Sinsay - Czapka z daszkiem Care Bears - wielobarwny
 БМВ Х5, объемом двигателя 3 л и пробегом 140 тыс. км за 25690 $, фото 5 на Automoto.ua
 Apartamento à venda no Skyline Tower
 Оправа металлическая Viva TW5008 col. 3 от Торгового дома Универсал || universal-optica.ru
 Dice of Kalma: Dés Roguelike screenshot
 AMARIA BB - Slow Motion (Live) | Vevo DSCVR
---------------
◆ **What is needed**
Word for word, restate the entries that appear above.

◆ **Answer**
Sinsay - Czapka z daszkiem Care Bears - wielobarwny
 БМВ Х5, объемом двигателя 3 л и пробегом 140 тыс. км за 25690 $, фото 5 на Automoto.ua
 Apartamento à venda no Skyline Tower
 Оправа металлическая Viva TW5008 col. 3 от Торгового дома Универсал || universal-optica.ru
 Dice of Kalma: Dés Roguelike screenshot
 AMARIA BB - Slow Motion (Live) | Vevo DSCVR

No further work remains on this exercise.